[Stored data — start]

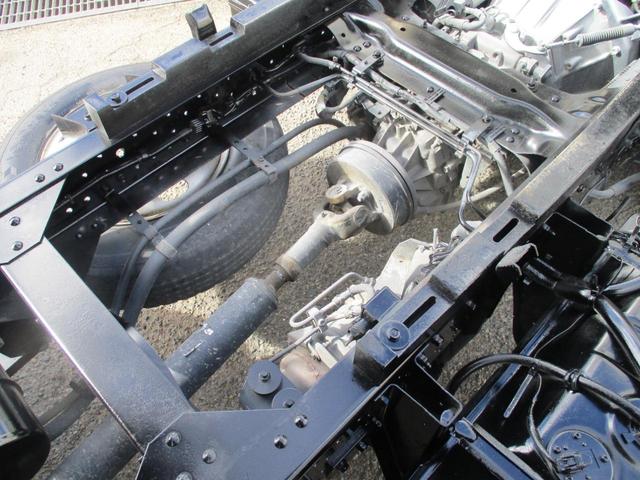 エルフトラック ３トン　強化ダンプ　極東製　全低床　６速ＭＴ　コボレーン　荷寸３０４－１５９－３７　ピン加工１箇所　あゆみ掛け４ヶ所　ＥＴＣ　１５０馬力　４ナンバー　ピン　ＡＢＳ　ＡＳＲ　ＥＣＯＮＯ　コボレーンシート　坂道発進補助装置　ターボ　ＤＤ０２－３１　４ＪＪ１（22枚目）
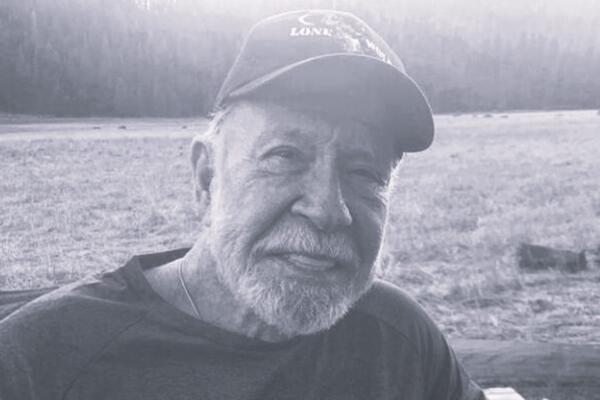 KRIJU DETALJE SMRTI? Oglasila se porodica Čaka Norisa, jedna stvar u saopštenju nije jasna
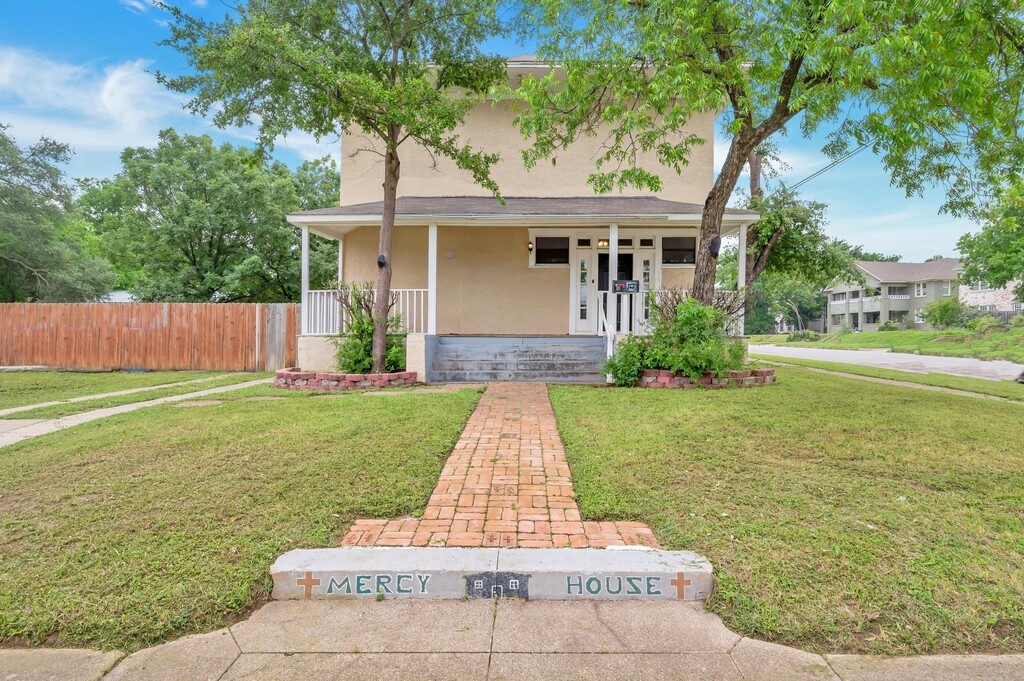 628 N 22nd Street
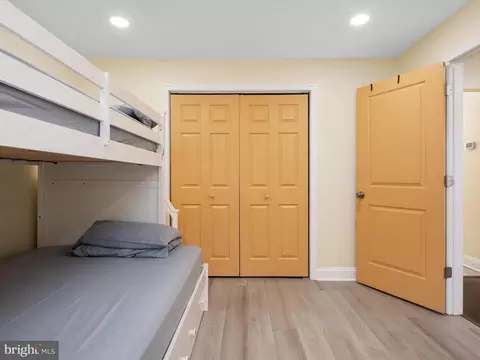 Bedroom - 871 Arundel Dr, Arnold, MD 21012 photo 2 of 7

[Stored data — finish]

Task item: The expected output is an exact retyping of the lines from the line with "628 N 22nd Street" through the last line of the data, with both ends kept and the pictures dropped.

Task response:
 628 N 22nd Street
 Bedroom - 871 Arundel Dr, Arnold, MD 21012 photo 2 of 7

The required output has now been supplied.